- Country: Bangladesh
- Coordinates: 21°59′50.86″N 90°18′13.31″E﻿ / ﻿21.9974611°N 90.3036972°E
- Status: Operational
- Commission date: 2020
- Construction cost: $2.48 billion
- Owner: Bangladesh-China Power Company Limited (BCPCL)
- Operator: BCPCL

Thermal power station
- Primary fuel: Coal

Power generation
- Nameplate capacity: 1,320 MW

= Payra Power Plant =

Power plant in southern Bangladesh

The Payra 1320 MW thermal power plant is a 1,320 megawatt coal-fired power station built in Kalapara Upazila of Patuakhali District in southern Bangladesh. It is a joint venture between the North-West Power Generation Company Bangladesh Limited (NWPGCL) and China National Machinery Import and Export Corporation (CMC). Till May 2023, this plant was producing 700 to 1000 megawatts of electricity every day.

== History ==
On 19 March 2015, a deal was signed between NWPGCL and the CMC to set up the Payra Power Plant.
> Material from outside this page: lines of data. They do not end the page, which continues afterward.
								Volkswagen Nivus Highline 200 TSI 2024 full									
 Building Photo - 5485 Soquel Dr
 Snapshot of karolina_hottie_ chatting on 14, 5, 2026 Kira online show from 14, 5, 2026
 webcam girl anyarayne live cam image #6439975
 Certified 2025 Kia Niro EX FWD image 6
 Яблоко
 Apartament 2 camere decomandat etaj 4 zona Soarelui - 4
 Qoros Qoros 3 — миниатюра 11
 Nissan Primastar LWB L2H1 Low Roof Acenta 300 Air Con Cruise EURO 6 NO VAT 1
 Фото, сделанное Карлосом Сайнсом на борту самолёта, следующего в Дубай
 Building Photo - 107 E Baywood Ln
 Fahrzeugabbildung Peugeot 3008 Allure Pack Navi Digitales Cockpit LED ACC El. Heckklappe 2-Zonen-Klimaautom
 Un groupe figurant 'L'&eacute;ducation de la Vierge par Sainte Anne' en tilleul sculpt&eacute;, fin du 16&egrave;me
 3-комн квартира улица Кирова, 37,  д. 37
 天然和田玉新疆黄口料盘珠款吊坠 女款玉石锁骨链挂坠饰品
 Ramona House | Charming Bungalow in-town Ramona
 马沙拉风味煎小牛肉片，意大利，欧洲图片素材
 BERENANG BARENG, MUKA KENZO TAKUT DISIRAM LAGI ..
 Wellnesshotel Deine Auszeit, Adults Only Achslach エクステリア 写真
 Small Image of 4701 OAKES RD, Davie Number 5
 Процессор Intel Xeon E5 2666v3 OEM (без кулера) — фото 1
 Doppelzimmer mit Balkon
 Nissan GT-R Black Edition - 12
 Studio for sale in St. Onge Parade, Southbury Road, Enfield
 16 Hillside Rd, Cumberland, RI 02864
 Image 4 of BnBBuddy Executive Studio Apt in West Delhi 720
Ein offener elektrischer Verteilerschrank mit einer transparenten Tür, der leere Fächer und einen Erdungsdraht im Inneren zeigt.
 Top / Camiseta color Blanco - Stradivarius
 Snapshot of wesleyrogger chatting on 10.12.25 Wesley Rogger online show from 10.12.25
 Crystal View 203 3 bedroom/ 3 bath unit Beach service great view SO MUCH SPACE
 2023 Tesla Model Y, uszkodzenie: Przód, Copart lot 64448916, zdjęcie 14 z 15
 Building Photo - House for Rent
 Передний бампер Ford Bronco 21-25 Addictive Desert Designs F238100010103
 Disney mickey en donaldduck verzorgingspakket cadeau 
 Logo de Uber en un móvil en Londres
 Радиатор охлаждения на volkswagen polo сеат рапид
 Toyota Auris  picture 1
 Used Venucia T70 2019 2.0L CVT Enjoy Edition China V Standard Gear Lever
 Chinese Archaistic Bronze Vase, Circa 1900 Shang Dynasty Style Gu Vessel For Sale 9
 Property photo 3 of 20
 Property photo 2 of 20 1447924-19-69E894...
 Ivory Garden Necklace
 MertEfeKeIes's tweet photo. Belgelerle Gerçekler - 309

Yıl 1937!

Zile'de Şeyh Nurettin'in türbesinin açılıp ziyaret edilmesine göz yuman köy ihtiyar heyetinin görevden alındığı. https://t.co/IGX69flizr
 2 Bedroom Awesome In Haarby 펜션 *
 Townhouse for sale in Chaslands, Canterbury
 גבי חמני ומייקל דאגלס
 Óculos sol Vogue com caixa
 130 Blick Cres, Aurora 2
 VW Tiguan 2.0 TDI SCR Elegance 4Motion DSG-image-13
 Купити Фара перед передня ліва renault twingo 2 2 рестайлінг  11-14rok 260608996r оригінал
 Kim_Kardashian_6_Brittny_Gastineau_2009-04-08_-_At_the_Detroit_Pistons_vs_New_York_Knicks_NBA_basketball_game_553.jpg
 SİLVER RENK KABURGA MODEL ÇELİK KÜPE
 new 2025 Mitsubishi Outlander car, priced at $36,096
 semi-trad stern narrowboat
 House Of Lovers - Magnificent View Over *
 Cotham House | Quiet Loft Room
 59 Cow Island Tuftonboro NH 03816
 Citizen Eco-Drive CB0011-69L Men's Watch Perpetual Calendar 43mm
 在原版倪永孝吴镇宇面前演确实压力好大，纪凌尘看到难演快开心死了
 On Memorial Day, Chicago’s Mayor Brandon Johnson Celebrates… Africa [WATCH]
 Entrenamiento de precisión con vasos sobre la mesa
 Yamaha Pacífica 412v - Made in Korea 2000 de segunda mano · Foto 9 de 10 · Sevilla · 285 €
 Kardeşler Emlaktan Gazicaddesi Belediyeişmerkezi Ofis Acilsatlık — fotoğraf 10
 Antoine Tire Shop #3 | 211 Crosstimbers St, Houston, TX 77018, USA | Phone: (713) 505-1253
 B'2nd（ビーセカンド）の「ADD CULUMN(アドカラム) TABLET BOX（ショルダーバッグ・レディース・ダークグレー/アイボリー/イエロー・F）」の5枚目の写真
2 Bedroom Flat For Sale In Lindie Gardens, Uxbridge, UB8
The joint venture was named Bangladesh-China Power Company Limited (BCPCL). On 29 March 2016, BCPCL signed an engineering, procurement and construction (EPC) contract with consortium of NEPC &CECC for the installation of the power plant.

== About ==
The plant consists of two units, each with a capacity of 660 MW. The initially estimated cost was around US$1.56 billion; the total project cost was US$2.48 billion. The plant has been built on an area of 397 hectare. The first unit became operational on the 15th May 2020 and the second on the 8th December 2020.
It is the largest electricity generating unit of Bangladesh currently in operation. PM Sheikh Hasina inaugurated the plant on 21 March 2022.